▶ WHAT THIS TASK INVOLVES
Once you have read the listing, print all of it word for word.

▶ SOURCE MATERIAL
※ ※ ※
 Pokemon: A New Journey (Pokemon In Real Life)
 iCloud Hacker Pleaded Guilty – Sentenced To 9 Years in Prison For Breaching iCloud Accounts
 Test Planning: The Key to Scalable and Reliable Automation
※ ※ ※
▶ YOUR RESPONSE
 Pokemon: A New Journey (Pokemon In Real Life)
 iCloud Hacker Pleaded Guilty – Sentenced To 9 Years in Prison For Breaching iCloud Accounts
 Test Planning: The Key to Scalable and Reliable Automation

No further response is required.